From a linguistic perspective, a natural language sentence can be thought of as a set of nested constituents in the form of a tree structure (Partee et al., 2012). When a parser is trained on labeled treebanks, the predicted constituency trees are useful for various natural language processing (NLP) tasks, including relation extraction (Verga et al., 2016), text simplification (Narayan and Gardent, 2014), and machine translation (Aharoni and Goldberg, 2017). However, expensive expert annotations are usually required to create treebanks.
Unsupervised parsing (also known as grammar induction or latent tree learning) aims to learn syntactic structures without access to a treebank during training, with potential uses in low resource or out-of-domain scenarios. In early approaches, unsupervised parsers were trained by optimizing the marginal likelihood of sentences (Klein and Manning, 2014). More recent deep learning approaches (Yogatama et al., 2017; Maillard et al., 2017; Choi et al., 2018) obtain latent tree structures by reinforcement learning (RL). Typically, this involves a secondary task, e.g., a language modeling objective or a semantic task. However, Williams et al. (2018a) have pointed out that these methods do not yield linguistically plausible structures, and have low self-agreement when randomly initialized multiple times.
Recently, Shen et al. (2018) proposed the parsing-reading-predict network (PRPN), which performs language modeling with structured attention. The model uses heuristics to induce tree structures from attention scores, and in a replication was found to be the first latent tree model to produce syntactically plausible structures (Htut et al., 2018). Structured attention in the PRPN is formalized as differentiable continuous variables, making the model easy to train. But a major drawback is that the PRPN does not model tree-building operations directly. These operations need to be stipulated externally, in an ad hoc inference procedure which is not part of the model and cannot be trained (see Section 3).
In this paper, we propose an imitation learning framework that combines the continuous PRPN with a Tree-LSTM model with discrete parsing actions, both trained without access to labeled parse trees. We exploit the advantages of the PRPN by transferring its knowledge to a discrete parser which explicitly models tree-building operations. We accomplish the knowledge transfer by training the discrete parser to mimic the behavior of the PRPN. Its policy is then refined using straight-through Gumbel-Softmax (ST-Gumbel, Jang et al., 2017) trained with a semantic objective, viz., natural language inference (NLI).

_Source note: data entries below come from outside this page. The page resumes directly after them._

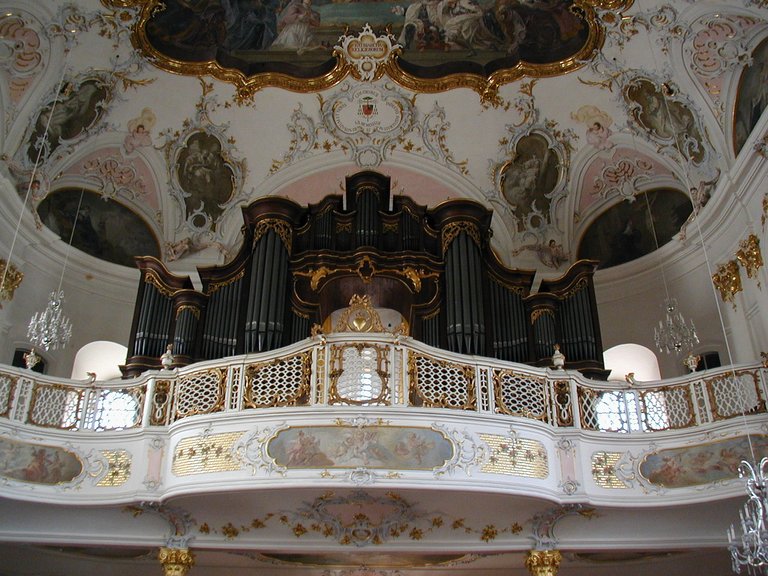 204-Organ inside old Mainz church.JPG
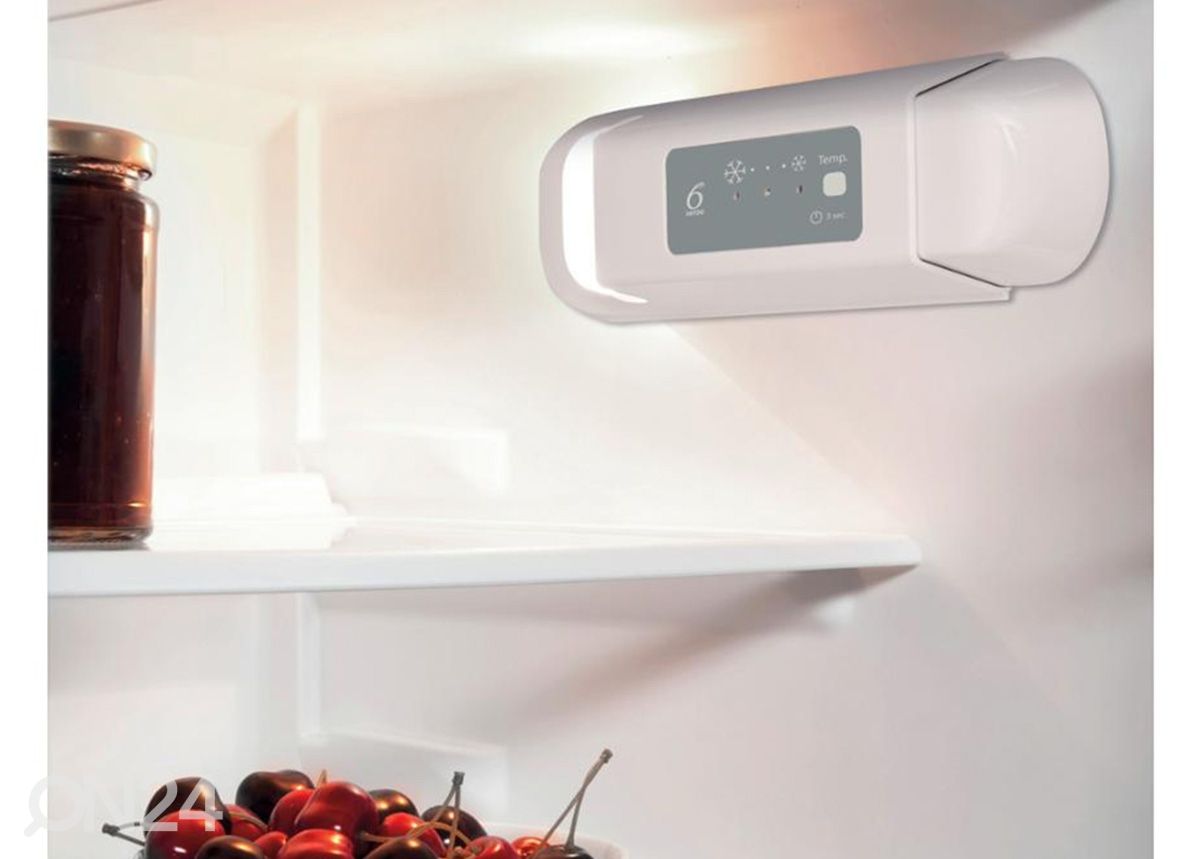 Integreeritav külmik Whirlpool WBUF011 suurendatud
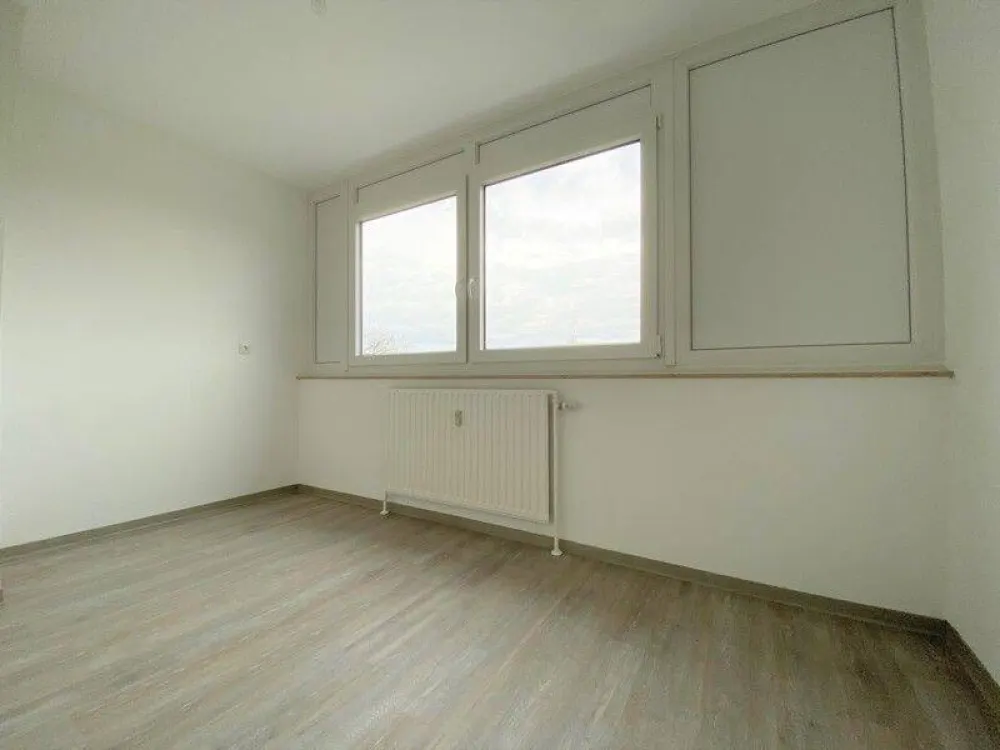 FRISCH renovierte Erdgeschoss Wohnung mit Dusche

We evaluate our approach on the All Natural Language Inference dataset and show that it achieves a new state of the art in terms of parsing -score, outperforming our base models, including the PRPN. Our work also shows that semantic objectives can improve unsupervised parsing, contrary to earlier claims (Williams et al., 2018a; Htut et al., 2018).
2 Related Work
Recursive neural networks are a type of neural network which incorporates syntactic structures for sentence-level understanding tasks. Typically, recursive neural network models assume that an annotated treebank or a pretrained syntactic parser is available (Socher et al., 2013; Tai et al., 2015; Kim et al., 2019a), but recent work pays more attention to learning syntactic structures in an unsupervised manner. Yogatama et al. (2017) propose to use reinforcement learning, and Maillard et al. (2017) introduce the Tree-LSTM to jointly learn sentence embeddings and syntax trees, later combined with a Straight-Through Gumbel-Softmax estimator by Choi et al. (2018). In addition to sentence classification tasks, recent research has focused on unsupervised structure learning for language modeling (Shen et al., 2018, 2019; Drozdov et al., 2019; Kim et al., 2019b). In our work, we explore the possibility for combining the merits of both sentence classification and language modeling.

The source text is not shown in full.